Provided records:
━━━━━━━━━━

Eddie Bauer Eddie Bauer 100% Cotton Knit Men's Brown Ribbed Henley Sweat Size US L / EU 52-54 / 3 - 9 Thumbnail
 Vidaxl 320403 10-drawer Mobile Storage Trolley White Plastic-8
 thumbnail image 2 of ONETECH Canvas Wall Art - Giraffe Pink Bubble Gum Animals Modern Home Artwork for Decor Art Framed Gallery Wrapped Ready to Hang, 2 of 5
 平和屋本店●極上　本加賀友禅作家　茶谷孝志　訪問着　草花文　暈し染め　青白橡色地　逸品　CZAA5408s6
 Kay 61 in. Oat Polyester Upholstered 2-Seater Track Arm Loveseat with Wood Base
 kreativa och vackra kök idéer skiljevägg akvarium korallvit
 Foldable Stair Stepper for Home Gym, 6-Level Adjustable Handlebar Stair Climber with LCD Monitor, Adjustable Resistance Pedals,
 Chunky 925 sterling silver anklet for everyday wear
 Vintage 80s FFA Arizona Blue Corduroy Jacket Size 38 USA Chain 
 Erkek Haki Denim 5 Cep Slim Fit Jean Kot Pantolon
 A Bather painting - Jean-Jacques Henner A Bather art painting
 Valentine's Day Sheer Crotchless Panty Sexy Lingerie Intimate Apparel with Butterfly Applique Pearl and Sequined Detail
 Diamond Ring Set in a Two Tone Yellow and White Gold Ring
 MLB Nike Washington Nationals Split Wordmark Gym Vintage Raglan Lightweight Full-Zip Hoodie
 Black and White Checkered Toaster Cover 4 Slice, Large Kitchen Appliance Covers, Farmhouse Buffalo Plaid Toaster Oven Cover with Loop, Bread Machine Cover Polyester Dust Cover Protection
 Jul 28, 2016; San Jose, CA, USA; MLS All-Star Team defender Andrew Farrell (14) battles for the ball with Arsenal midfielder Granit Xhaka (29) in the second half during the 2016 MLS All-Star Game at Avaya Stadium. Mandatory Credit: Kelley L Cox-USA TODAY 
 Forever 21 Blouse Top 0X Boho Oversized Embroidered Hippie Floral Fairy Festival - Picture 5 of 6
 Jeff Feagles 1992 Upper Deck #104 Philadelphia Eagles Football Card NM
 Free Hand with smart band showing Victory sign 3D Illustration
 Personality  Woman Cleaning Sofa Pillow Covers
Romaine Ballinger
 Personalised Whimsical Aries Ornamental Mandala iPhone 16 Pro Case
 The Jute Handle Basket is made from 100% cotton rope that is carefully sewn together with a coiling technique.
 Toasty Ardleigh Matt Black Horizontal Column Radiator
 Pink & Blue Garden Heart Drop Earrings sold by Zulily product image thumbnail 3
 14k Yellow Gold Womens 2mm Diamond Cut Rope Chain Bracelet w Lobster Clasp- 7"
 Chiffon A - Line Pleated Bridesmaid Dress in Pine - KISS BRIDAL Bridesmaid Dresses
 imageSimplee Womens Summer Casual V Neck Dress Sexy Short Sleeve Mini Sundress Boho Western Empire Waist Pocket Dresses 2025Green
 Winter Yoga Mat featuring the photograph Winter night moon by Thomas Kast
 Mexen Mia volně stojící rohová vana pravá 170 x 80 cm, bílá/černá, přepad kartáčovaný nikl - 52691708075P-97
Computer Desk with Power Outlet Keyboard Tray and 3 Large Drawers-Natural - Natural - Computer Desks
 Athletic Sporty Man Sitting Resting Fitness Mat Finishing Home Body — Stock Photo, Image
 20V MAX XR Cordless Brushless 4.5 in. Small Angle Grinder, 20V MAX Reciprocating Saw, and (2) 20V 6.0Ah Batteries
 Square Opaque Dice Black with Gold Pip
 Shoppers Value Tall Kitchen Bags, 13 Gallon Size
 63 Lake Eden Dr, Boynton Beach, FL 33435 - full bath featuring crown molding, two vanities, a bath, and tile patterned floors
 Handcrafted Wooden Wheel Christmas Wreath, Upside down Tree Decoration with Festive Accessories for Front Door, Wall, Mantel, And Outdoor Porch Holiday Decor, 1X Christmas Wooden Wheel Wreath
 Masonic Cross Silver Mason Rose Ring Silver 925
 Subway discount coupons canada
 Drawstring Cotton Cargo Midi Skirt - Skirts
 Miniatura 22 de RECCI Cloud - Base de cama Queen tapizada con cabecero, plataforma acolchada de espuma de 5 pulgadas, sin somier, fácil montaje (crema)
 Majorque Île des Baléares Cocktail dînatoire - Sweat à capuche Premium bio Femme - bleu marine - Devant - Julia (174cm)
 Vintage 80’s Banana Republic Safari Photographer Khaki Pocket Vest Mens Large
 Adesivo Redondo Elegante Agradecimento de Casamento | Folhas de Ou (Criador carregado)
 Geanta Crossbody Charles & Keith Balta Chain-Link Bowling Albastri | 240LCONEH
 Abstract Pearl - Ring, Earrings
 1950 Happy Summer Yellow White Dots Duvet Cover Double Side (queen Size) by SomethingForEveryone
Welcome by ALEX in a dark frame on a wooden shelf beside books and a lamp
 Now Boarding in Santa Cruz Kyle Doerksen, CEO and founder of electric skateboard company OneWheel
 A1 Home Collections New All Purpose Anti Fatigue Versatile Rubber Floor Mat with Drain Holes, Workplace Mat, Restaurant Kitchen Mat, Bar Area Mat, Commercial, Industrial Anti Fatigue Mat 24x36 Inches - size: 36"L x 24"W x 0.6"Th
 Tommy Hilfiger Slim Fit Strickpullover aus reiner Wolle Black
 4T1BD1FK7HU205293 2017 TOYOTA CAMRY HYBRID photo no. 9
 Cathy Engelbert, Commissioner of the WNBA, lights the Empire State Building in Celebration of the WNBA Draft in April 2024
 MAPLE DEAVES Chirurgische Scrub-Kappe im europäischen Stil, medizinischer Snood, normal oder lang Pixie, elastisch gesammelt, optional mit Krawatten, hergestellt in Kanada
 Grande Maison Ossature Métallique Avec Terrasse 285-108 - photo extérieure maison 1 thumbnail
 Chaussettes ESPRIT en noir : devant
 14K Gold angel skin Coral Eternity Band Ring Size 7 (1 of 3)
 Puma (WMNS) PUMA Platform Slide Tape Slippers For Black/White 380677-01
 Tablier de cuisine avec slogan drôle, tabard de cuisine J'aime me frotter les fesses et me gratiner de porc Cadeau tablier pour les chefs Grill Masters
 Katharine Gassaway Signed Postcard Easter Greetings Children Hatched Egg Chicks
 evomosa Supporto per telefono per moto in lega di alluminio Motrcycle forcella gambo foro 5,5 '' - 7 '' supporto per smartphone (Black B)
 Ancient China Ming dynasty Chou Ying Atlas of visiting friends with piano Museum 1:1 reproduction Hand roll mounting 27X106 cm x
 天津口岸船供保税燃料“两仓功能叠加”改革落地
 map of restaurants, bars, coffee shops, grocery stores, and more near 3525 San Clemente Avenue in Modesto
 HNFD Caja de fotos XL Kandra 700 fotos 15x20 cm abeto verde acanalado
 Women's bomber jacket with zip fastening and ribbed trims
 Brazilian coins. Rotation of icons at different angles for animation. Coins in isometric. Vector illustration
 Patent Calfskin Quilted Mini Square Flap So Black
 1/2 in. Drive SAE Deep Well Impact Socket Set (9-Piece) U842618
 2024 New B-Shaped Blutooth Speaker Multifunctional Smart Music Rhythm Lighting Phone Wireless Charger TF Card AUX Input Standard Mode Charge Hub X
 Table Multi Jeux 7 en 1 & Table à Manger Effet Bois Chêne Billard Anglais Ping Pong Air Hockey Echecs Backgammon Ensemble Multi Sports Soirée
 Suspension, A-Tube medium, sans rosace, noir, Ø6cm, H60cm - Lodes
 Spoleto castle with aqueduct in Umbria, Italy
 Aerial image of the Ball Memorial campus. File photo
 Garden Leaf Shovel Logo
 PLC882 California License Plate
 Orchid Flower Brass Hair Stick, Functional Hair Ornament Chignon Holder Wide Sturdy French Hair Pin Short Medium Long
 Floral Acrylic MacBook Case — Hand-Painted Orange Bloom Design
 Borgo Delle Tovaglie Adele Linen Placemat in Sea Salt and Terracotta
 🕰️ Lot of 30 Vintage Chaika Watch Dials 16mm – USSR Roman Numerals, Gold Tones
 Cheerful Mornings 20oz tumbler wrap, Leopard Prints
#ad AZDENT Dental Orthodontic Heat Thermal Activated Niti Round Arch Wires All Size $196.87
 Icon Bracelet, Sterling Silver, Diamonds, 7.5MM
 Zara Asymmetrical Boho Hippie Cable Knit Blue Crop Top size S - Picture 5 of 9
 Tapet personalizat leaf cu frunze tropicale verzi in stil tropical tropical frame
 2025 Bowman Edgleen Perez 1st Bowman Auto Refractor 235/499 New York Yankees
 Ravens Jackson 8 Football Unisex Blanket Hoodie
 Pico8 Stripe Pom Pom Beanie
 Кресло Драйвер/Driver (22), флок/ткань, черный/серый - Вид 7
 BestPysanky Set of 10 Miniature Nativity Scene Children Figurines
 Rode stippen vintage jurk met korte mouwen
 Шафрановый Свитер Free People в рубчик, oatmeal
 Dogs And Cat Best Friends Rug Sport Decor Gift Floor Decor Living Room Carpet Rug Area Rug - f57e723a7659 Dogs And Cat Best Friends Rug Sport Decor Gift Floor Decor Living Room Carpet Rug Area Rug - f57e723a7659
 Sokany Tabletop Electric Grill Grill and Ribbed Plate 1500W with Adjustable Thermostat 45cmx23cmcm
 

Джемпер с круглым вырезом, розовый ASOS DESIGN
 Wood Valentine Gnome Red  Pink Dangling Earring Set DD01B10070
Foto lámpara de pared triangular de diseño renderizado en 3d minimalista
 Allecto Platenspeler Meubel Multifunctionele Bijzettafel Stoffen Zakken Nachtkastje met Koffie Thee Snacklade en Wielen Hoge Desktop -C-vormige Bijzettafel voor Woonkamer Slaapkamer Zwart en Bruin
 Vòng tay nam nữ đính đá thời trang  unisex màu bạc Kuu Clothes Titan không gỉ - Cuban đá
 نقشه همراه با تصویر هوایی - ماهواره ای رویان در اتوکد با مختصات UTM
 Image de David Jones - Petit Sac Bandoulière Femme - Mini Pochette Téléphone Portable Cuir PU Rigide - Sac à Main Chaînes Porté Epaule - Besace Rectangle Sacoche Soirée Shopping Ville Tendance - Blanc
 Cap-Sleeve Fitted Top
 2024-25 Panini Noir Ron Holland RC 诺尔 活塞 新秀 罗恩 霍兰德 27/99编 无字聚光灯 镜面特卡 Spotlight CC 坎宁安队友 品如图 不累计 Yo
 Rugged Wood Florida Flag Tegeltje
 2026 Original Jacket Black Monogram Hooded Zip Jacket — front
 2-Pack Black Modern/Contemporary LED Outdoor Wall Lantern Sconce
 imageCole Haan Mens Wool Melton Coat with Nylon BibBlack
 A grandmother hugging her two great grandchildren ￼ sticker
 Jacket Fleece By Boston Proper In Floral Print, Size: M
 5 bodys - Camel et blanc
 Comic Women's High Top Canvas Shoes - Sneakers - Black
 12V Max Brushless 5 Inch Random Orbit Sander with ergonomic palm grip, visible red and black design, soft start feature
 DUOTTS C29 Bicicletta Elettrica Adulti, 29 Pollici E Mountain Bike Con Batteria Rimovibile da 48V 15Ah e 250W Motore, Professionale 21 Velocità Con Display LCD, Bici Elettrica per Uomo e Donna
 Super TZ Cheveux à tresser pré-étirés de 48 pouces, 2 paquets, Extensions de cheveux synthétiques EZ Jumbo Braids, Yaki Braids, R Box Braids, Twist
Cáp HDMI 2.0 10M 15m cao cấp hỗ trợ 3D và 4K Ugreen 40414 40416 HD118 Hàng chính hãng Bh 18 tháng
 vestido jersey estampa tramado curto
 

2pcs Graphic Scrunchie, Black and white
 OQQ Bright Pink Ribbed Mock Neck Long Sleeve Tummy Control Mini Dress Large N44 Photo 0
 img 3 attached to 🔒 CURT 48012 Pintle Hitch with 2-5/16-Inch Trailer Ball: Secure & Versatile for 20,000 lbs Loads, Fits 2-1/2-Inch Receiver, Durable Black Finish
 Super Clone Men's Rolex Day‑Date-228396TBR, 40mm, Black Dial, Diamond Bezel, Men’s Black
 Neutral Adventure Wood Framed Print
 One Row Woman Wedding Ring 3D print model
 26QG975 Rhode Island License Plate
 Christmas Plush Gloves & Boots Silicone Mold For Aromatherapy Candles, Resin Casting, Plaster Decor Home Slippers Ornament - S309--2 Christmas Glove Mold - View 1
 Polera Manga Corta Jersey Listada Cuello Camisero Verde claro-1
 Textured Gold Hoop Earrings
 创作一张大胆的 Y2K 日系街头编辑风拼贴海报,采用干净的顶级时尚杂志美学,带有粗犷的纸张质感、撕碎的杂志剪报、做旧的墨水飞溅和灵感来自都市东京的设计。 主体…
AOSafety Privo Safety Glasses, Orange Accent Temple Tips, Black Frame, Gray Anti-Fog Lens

━━━━━━━━━━

Task details: Read each line of the material, and wherever the word "Long" turns up, copy that line.

Reply to the task:
 Orchid Flower Brass Hair Stick, Functional Hair Ornament Chignon Holder Wide Sturdy French Hair Pin Short Medium Long
 OQQ Bright Pink Ribbed Mock Neck Long Sleeve Tummy Control Mini Dress Large N44 Photo 0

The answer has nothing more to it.